## [Work instruction]
Exactly and only the lines below from the one containing "Once again, we" down to the one containing "Welcome back. In" are wanted, both included; please exclude every picture.

## [Material to process]
|---|

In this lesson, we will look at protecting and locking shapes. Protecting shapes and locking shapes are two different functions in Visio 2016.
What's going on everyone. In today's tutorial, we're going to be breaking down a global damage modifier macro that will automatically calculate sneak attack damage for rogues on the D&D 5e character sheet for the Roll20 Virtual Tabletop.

|---|

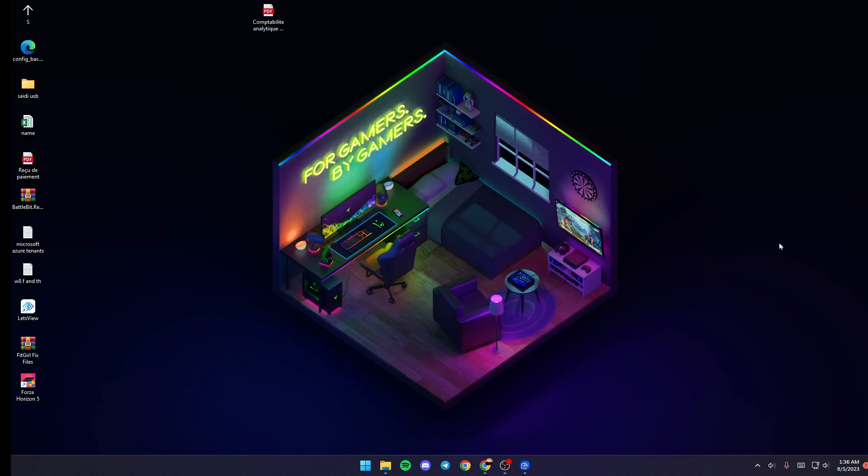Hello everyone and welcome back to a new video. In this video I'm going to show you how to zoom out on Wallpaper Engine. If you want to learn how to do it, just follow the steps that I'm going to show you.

|---|

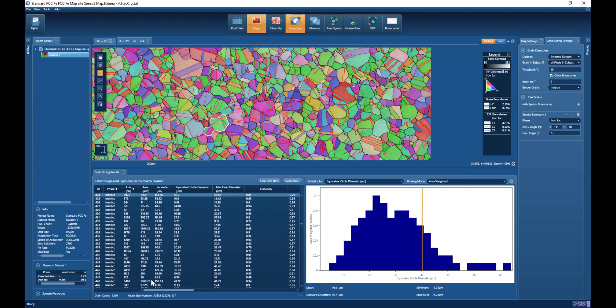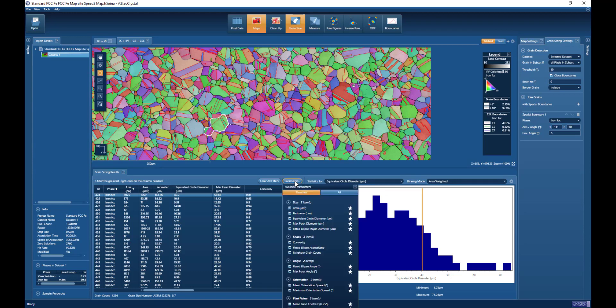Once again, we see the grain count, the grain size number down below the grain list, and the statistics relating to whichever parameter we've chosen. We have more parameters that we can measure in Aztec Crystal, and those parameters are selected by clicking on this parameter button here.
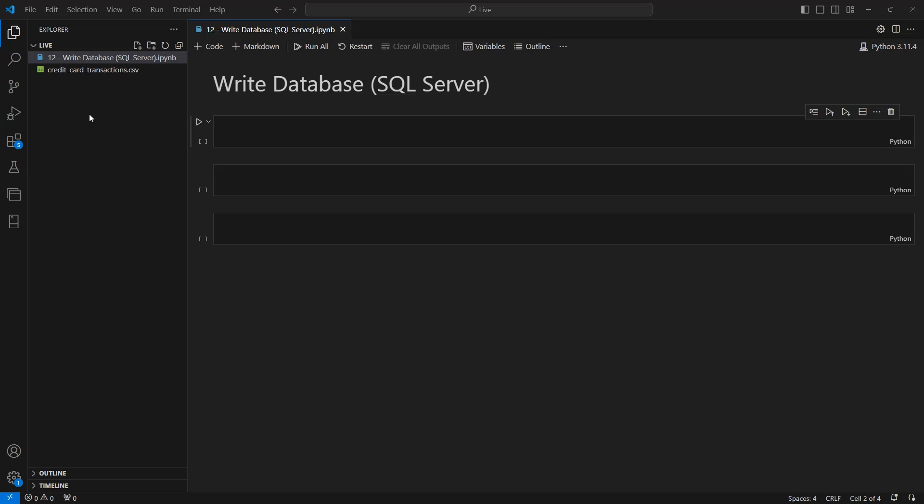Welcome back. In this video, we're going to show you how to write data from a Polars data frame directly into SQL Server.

|---|

## [Result of this exercise]
Once again, we see the grain count, the grain size number down below the grain list, and the statistics relating to whichever parameter we've chosen. We have more parameters that we can measure in Aztec Crystal, and those parameters are selected by clicking on this parameter button here.
Welcome back. In this video, we're going to show you how to write data from a Polars data frame directly into SQL Server.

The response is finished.